##### Entries provided
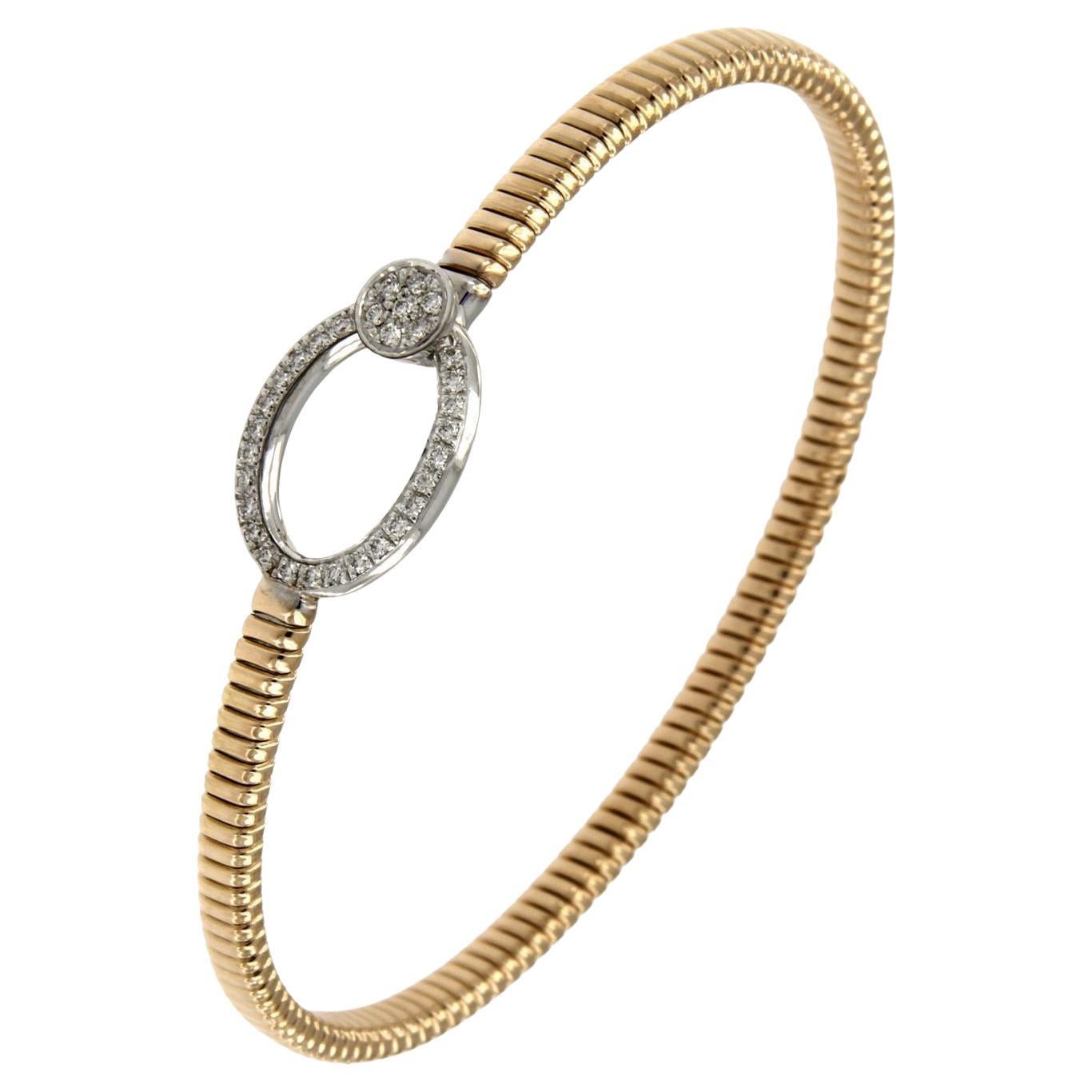 Antora Tubogas Bracciale con diamanti in oro rosa 18 carati Juste Un Clou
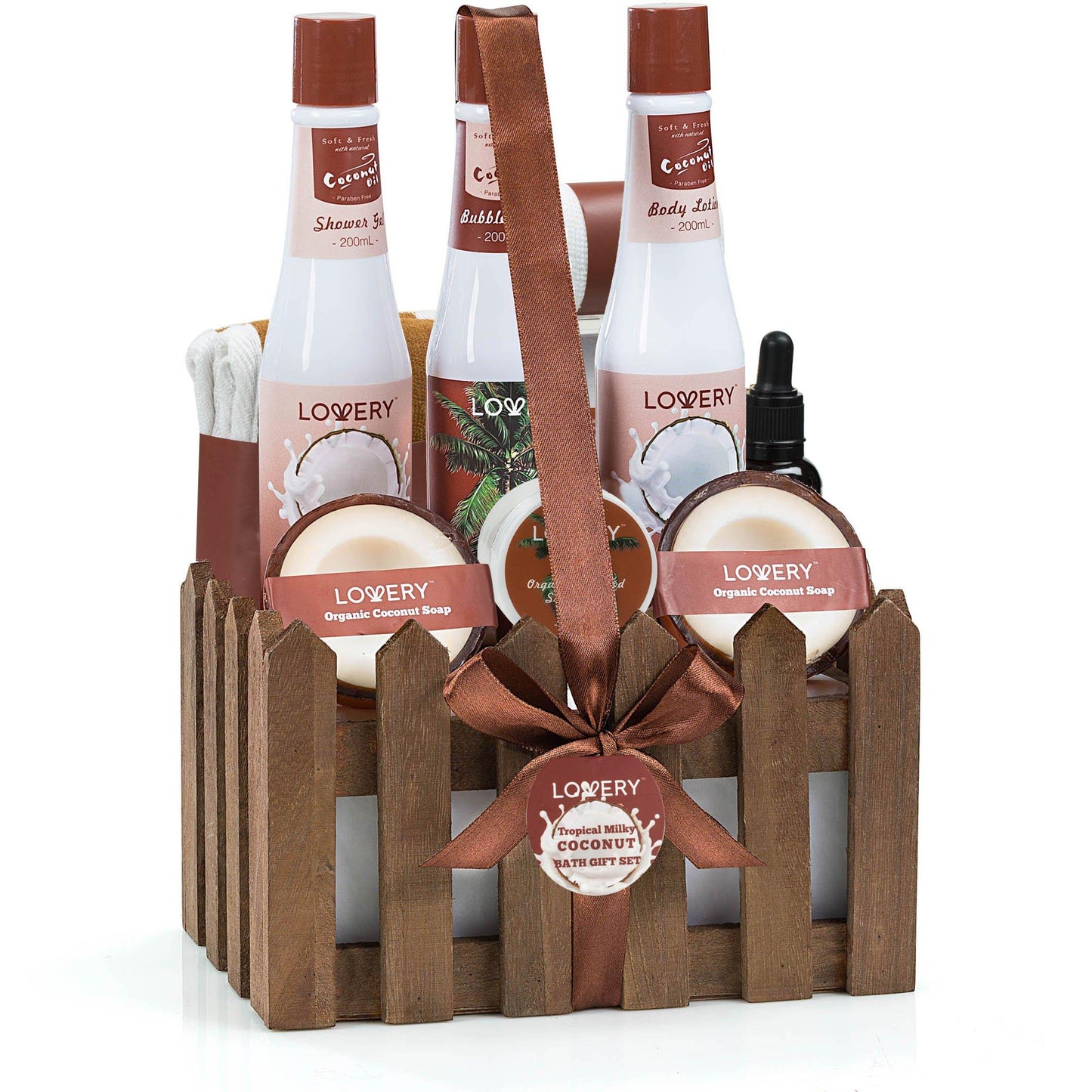 Organic Milky Coconut Home Bath Set  - 12Pc Relaxation Spa Kit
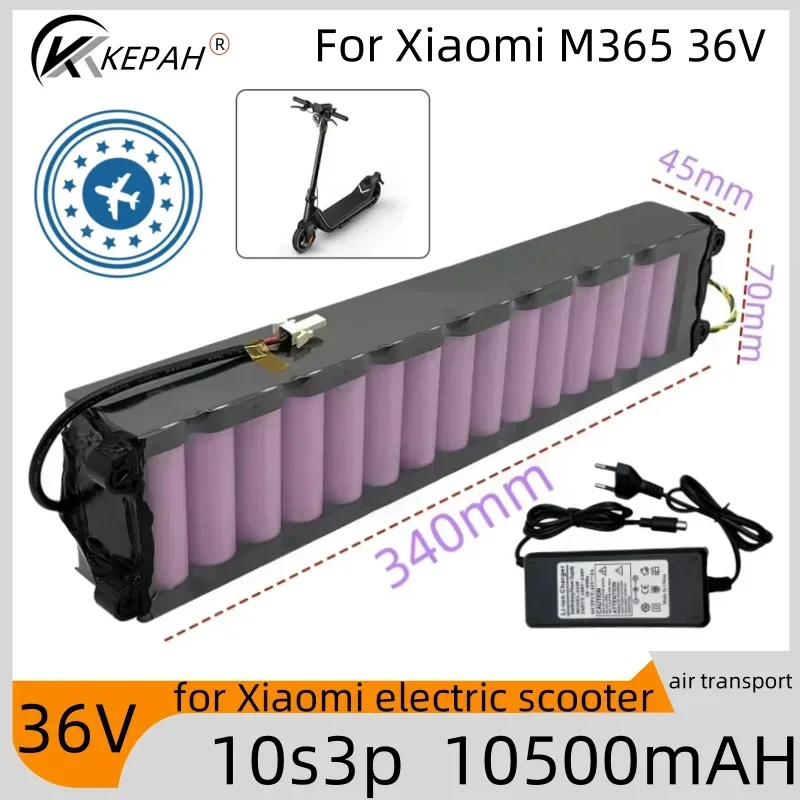 

42V Suitable for Xiaomi M365 M356 Pro dedicated battery pack, 36V lithium-ion battery, 10500mAh, with a range of 30 kilometers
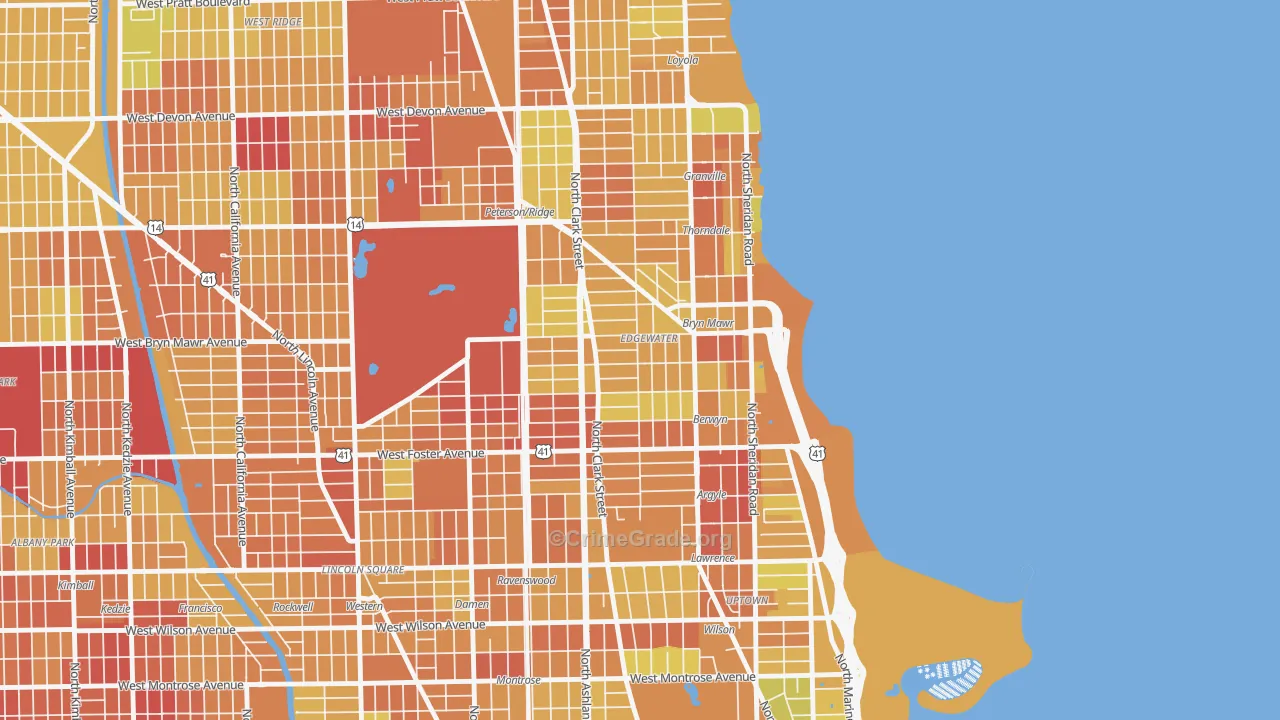 Andersonville, Chicago, IL Map of Drug-Related Crime Rates
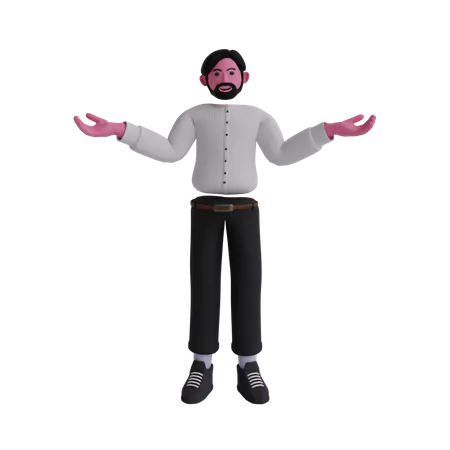 Homme d'affaires à bras grands ouverts  3D Illustration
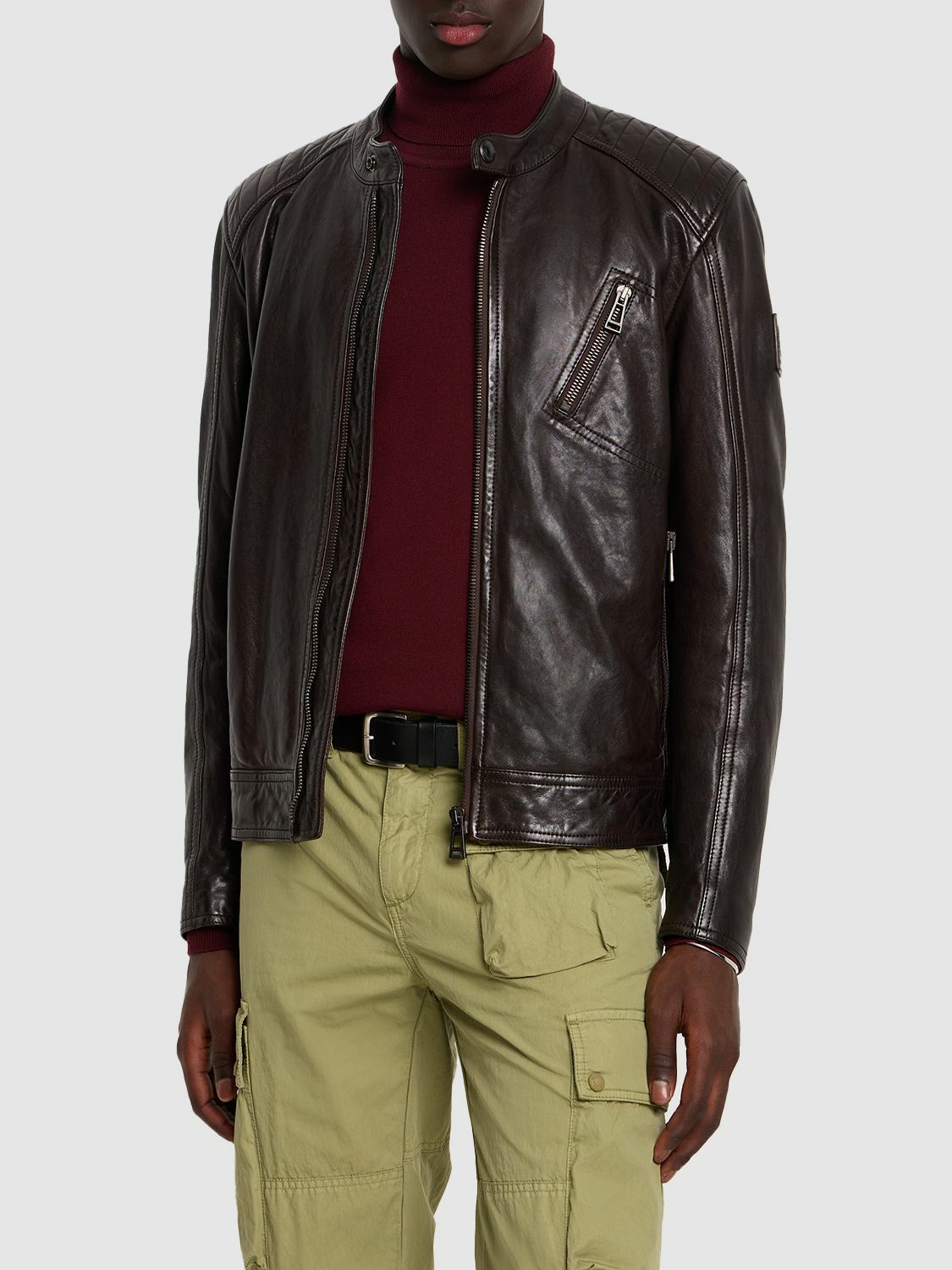 BELSTAFF - V Racer Leather Jacket Belstaff
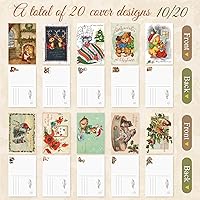 Vista 112 de Nuanchu 80 tarjetas postales de Navidad vintage de 4 x 6 pulgadas, tarjetas de felicitación de Papá Noel, tarjetas de Navidad retro, reimpresión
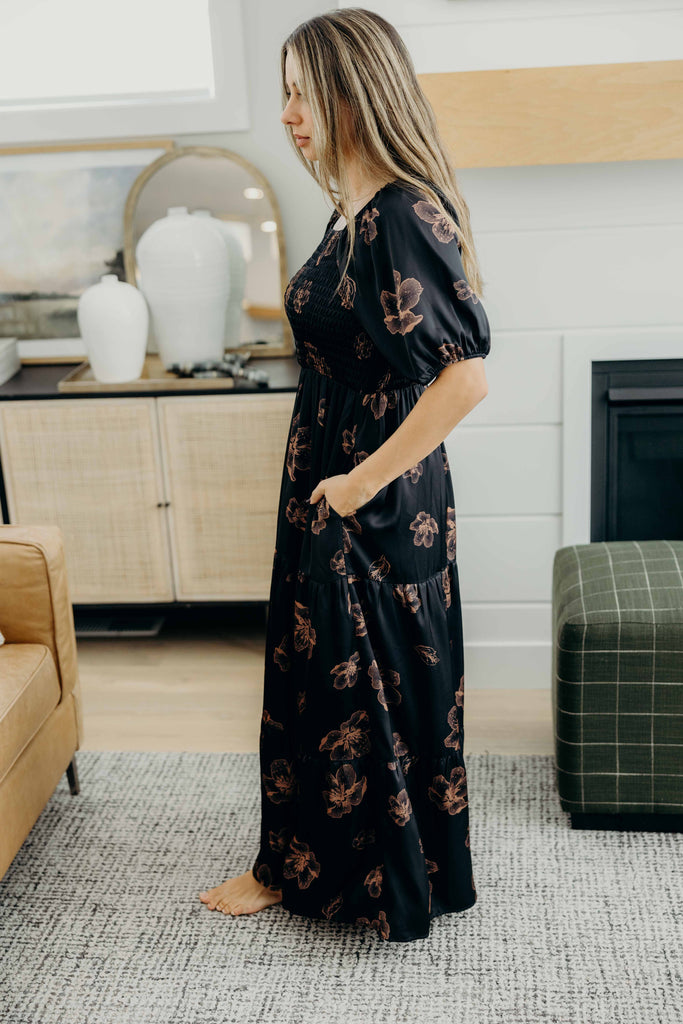 The Indigo Dress in Bronze Petal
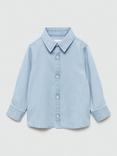 Mango Kids' Joan Cotton Denim Shirt, Open Blue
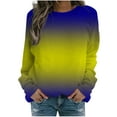 thumbnail image 1 of IROINNID Women's Long Sleeve Sweatshirt Round Neck Mid-Length Gradient Loose Tops Sweatshirt, Yellow, 1 of 4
##########
**Task directions**
What is needed is an exact transcription of the lines from the one containing "Homme d'affaires à" through the last line of the records above, both included, with no pictures.

**Result of the task**
 Homme d'affaires à bras grands ouverts  3D Illustration
 BELSTAFF - V Racer Leather Jacket Belstaff
 Vista 112 de Nuanchu 80 tarjetas postales de Navidad vintage de 4 x 6 pulgadas, tarjetas de felicitación de Papá Noel, tarjetas de Navidad retro, reimpresión
 The Indigo Dress in Bronze Petal
 Mango Kids' Joan Cotton Denim Shirt, Open Blue
 thumbnail image 1 of IROINNID Women's Long Sleeve Sweatshirt Round Neck Mid-Length Gradient Loose Tops Sweatshirt, Yellow, 1 of 4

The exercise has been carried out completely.